North Korean club to play rare football match in South Korea
SEOUL: A North Korean women's football club will be the first sports team from the country to play in neighbouring South Korea since 2018 when they visit this month, Seoul's unification ministry said on Monday (May 4).
The two Koreas technically remain at war after their 1950 to 1953 conflict ended in an armistice rather than a peace treaty, and sporting and cultural exchanges between them are very rare.
The ministry said North Korean authorities sent South Korea a "notification of a 39-member delegation" from Naegohyang Women's FC, which will play South Korea's Suwon FC Women on May 20 in the semi-finals of the Champions League.

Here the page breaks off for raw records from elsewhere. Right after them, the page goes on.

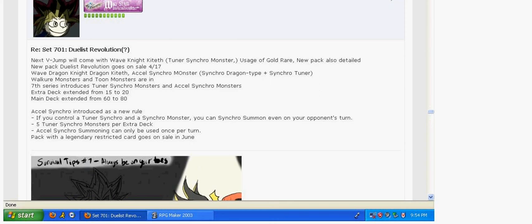And there's going to be a pack with a Legendary Restricted card that goes on sale in June. So it's going to be interesting to see what card is that. So this is all Japanese news, so this isn't affecting anyone who plays TCG, but probably will in a few months or so.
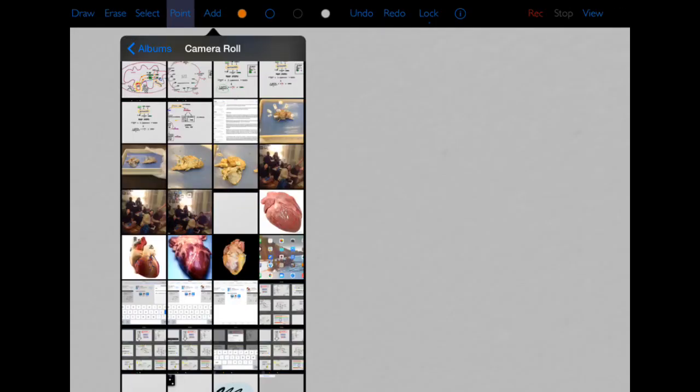If I decide that I want to add a photo to my presentation, I can click the add button right here. This button allows you to open up the camera roll on your iPad. Now I can add any pictures that I have saved on here.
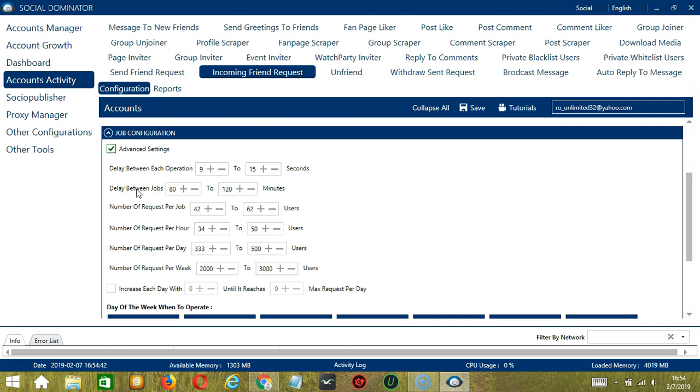Number of requests per job will allow you to specify the number of Facebook users you want to accept or cancel per job or per cycle.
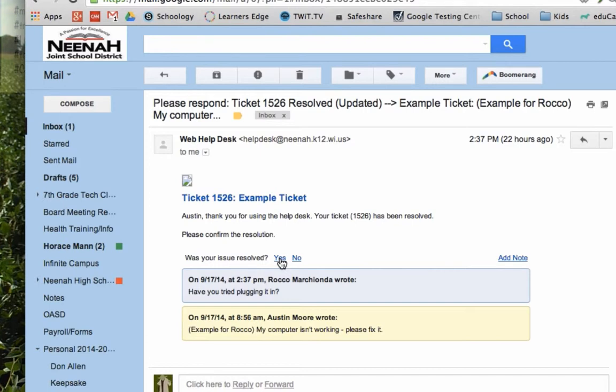You have a couple of days to answer this or the ticket will automatically be closed. So, it's important that you respond to this. This helps us communicate back and forth and know whether the ticket is done or not.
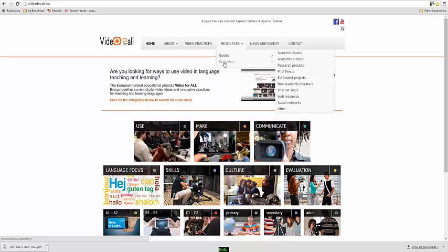That basically is essentially what Video For All is about. I really hope you found this guide useful. Now you know all of the content or the essential content that's available on the website. And please make use of it and please let other people, other teachers know about Video For All. Thank you very much.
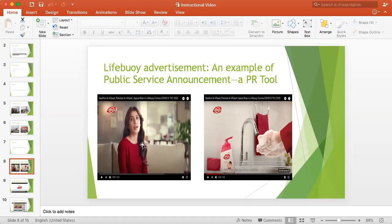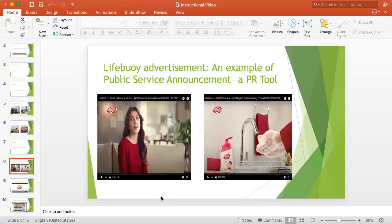You see, when this advertisement begins, the actor says that you may have seen me promoting Lifebuoy soap, but today I am asking you to use any soap that you have to protect yourself and to protect Pakistan. On one hand, this message is promoting Lifebuoy soap, and on the other hand, this message is also giving a public service.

The delegation will include 27 players and 12 club staff, the ministry said. It did not say when exactly the team would arrive in South Korea.
The winner of the match will play the final of Asia's top women's club competition on May 23 against either Australia's Melbourne City or Japan's Tokyo Verdy Beleza.
"The losing team in the semi-final will return home on Thursday, May 21, with no third-place playoff scheduled," the ministry said in a press release.
The match will be the first time a North Korean sports team has played in the South since shooting, youth football and table tennis delegations travelled there in 2018.
The last time Pyongyang sent a women's football team to South Korea was in 2014, when the North Korean national team took part in the Asian Games in Incheon.
North Korea's national team is one of the dominant forces in Asian women's football, winning multiple international titles in recent years, especially at the youth level.
The most recent one came in November last year, when they defeated the Netherlands 3-0 in the final of the FIFA U-17 Women's World Cup.